» **Data**:
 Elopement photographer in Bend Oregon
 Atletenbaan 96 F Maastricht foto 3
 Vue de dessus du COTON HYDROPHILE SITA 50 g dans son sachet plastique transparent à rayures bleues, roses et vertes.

» **Required action**: Every line above must appear again in your reply, exactly as written.

» **Exercise result**:
 Elopement photographer in Bend Oregon
 Atletenbaan 96 F Maastricht foto 3
 Vue de dessus du COTON HYDROPHILE SITA 50 g dans son sachet plastique transparent à rayures bleues, roses et vertes.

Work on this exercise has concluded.